Out Now!

Friday, 21 October 2016

Bring back the Picture House!

I’m always getting stick for failing to use the word cinema. I was brought up in a world of ‘picture houses,’ which, to me, is a clear and understandable concept. What’s with this Johnny- come-lately, this French import—cinema—an abbreviation of cinematographe? In our new glorious post-brexit age it’s time we began to cherish Imperial Measures and Picture Houses.
                                                              The Astoria




                                                                  The Paramount
                                                                      The Palace 
                                               The prosaically named Walton Picture House
                                                           Astoria at night

                                                                  The Carlton 

Above are some of the Liverpool ‘picture houses’ I went to as a child. Pure dream factories. But in Monmouth, I live close to a gem, a ‘picture-house’ of faded grandeur and steeped in history.


It was built on the foundations of an old coaching house, The Bell Inn. Known as The Assembly Rooms (very Bath and Jane Austen) it was granted an entertainment licences in 1832.

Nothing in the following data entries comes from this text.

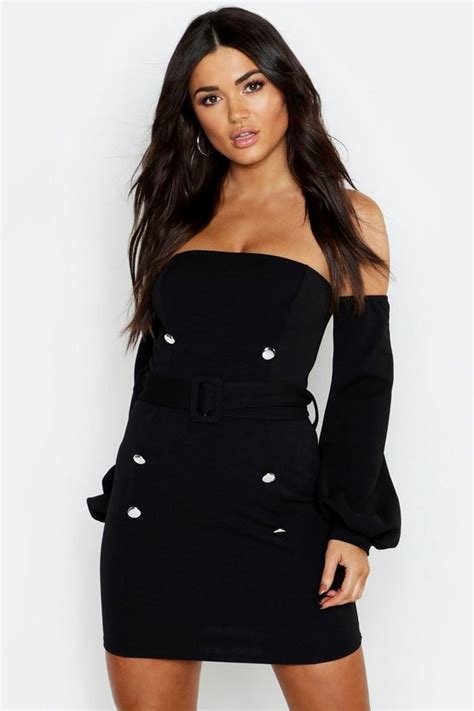 Off The Shoulder Puff Sleeve Bodycon Dress Boohoo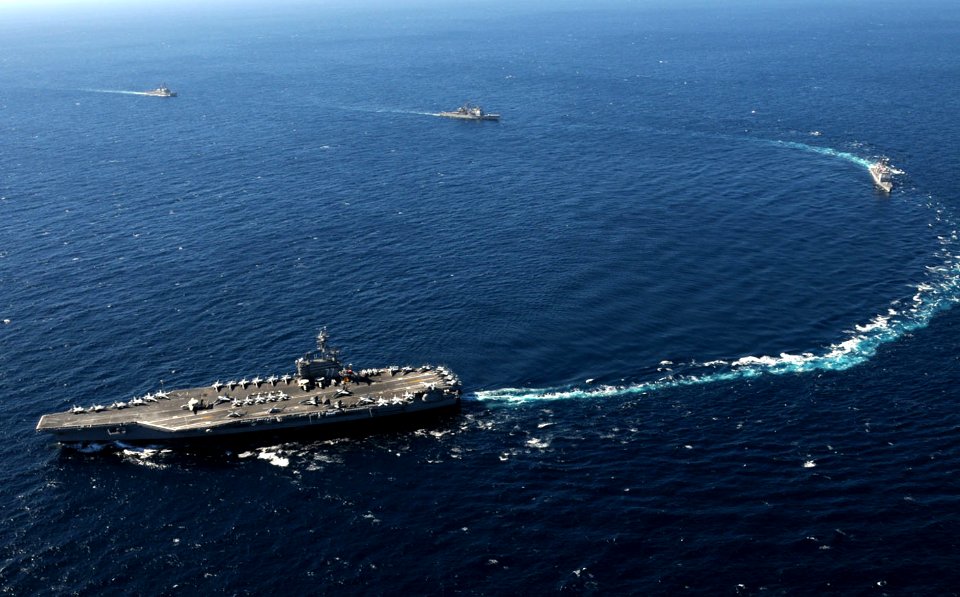 US Navy 101022-N-4154B-162 The aircraft carrier USS George H.W. Bush (CVN 77) leads a group sail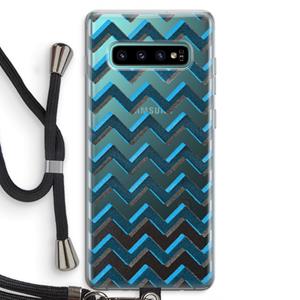 CaseCompany Onderbroken lijn: Samsung Galaxy S10 Plus Transparant Hoesje met koord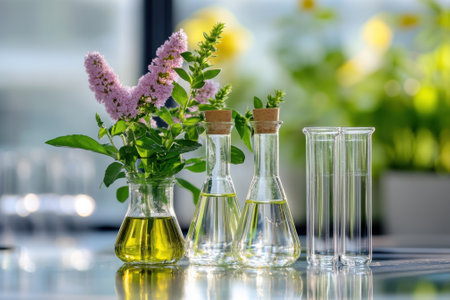 Beautiful display of herbs in glass containers with essential oils under natural light from a window.の素材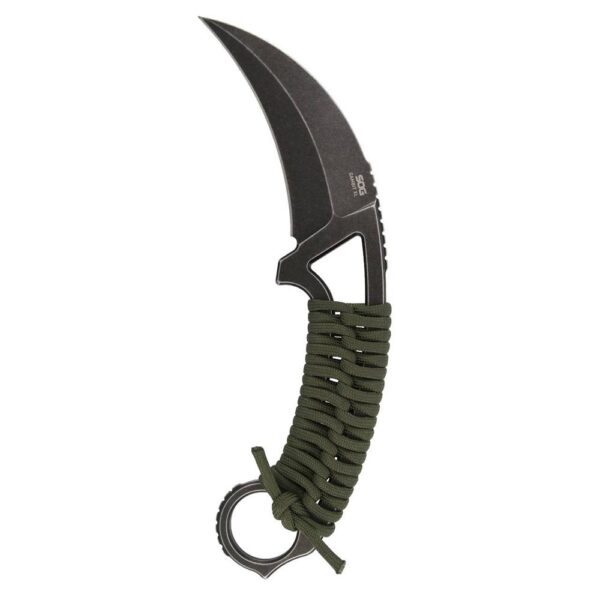SOG Gambit XL Fixed Knife 4" Karambit Blade OD Green Box - Precision Shot Firearms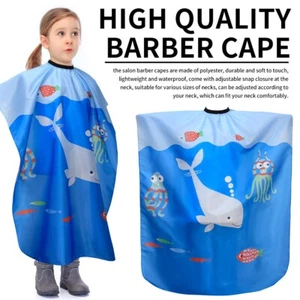Kids Haircut Cape Waterproof Hair Cutting Gown Cute Hairdresser Capes Barbershop - Picture 1 of 10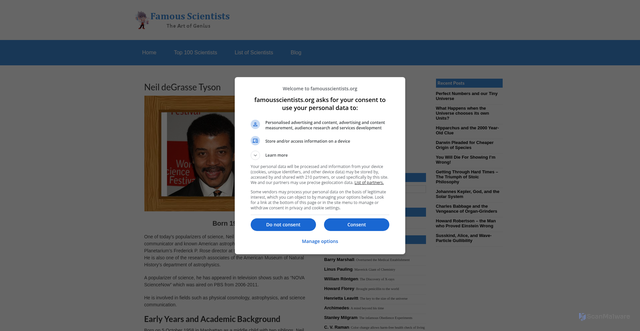 Security scan screenshot of https://www.famousscientists.org/neil-degrasse-tyson/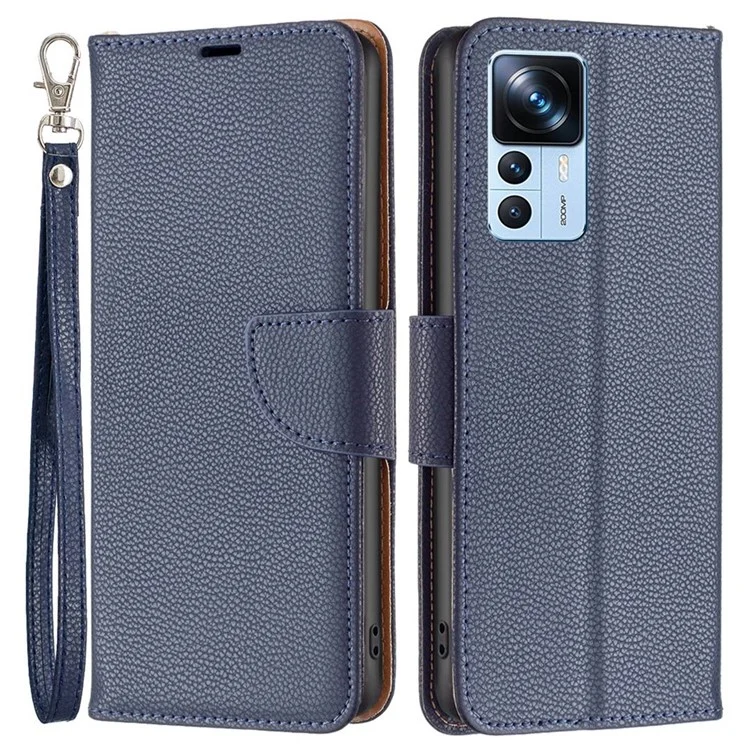 For Xiaomi 12T 5G / Redmi K50 Ultra 5G / 12T Pro 5G Wallet Case Litchi Texture Flip Leather Mobile Cover Stand with Strap - Dark Blue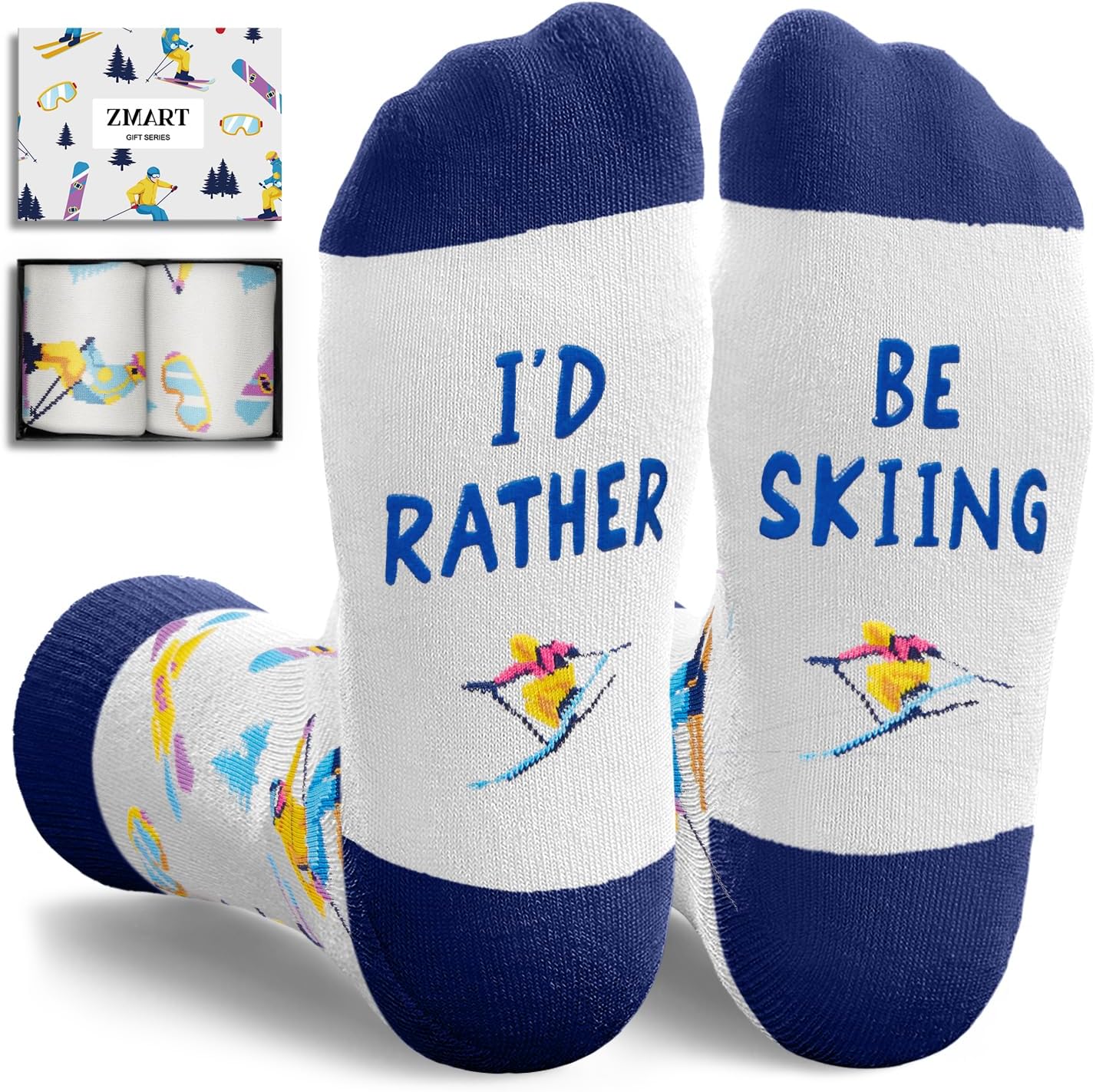 Zmart Funny Snowboarding Youth Socks - Skiing Gifts For Skiers Snowboarders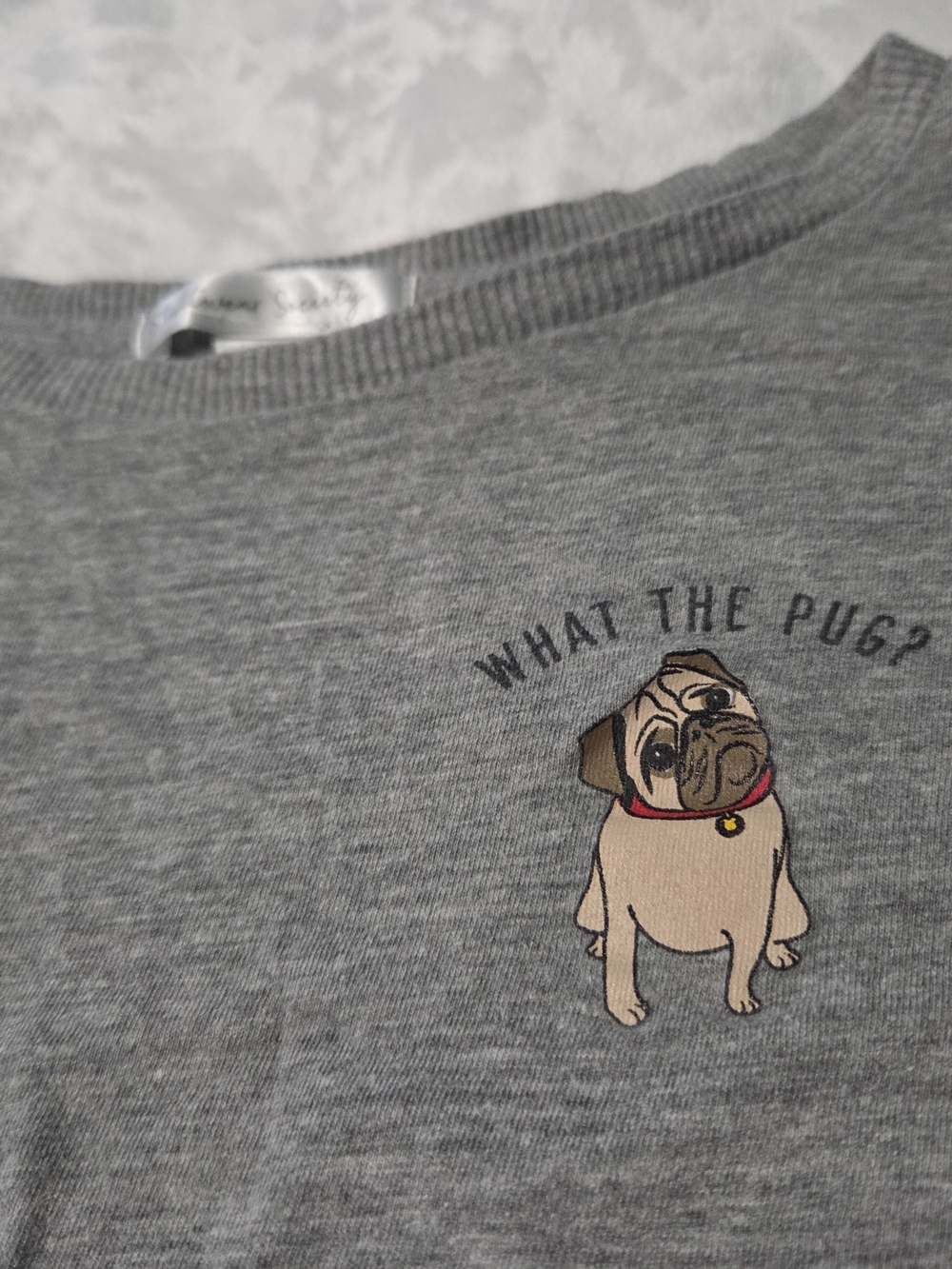 Streetwear Society Gray Short Sleeve Tee What The Pug Graphic
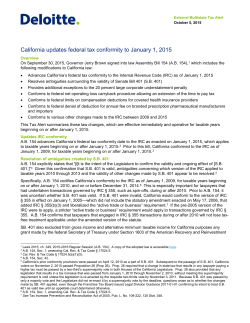 California updates federal tax conformity to January 1, 2015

In 1850 it became The Theatre Royal, briefly doubling up as the town’s Corn Exchange before morphing into a roller skating rink at the end of the C19th.  The C20th saw big changes. In 1910, as Monmouth’s first cinema, it became…wait for it….the ‘Living Picture Palace and Rinkeries.’ Rolls of the tongue, but the Edwardian flourishes didn’t last long. In 1912 it became ‘The Palace’, later the ‘Scala’ and ending up as the ‘Regent.’

In 1928, after extensive refurbishment it reopened, aptly renamed, ‘The New Picture House,’ and in 1930 showed the very latest ‘talking pictures.’ Monmouth was agog.

Like all good things it fell victim to the curse of the ‘modern’ in the 1960’s, stopped showing films, and re-opened as a Bingo Hall, closing again in 1983.

But Monmouth is the town of happy endings. Now known as the Savoy, it was leased to the Monmouth Savoy Trust, local volunteers and enthusiasts who run it as a going concern for the people of Monmouth. It enjoys no public funding and costs £50,000 a year to run.

In 2004 the Heritage Lottery Fund contributed to renovating a faded interior, restoring the famous red velvet curtains, the incredible gilded plasterwork and glass chandeliers. As a Lancastrian, it’s a joy to sit back and enjoy the Lancastrian Rose, and the Lancastrian portcullises of Beaufort à all the fruits of living in a Lancastrian town, the birthplace of Henry Vth. My wife, coming from Yorkshire is less enamoured.




                                                     Lancastrian rose and chandelier 

And if you get bored with the film you can always enjoy fragments of the original wall paper.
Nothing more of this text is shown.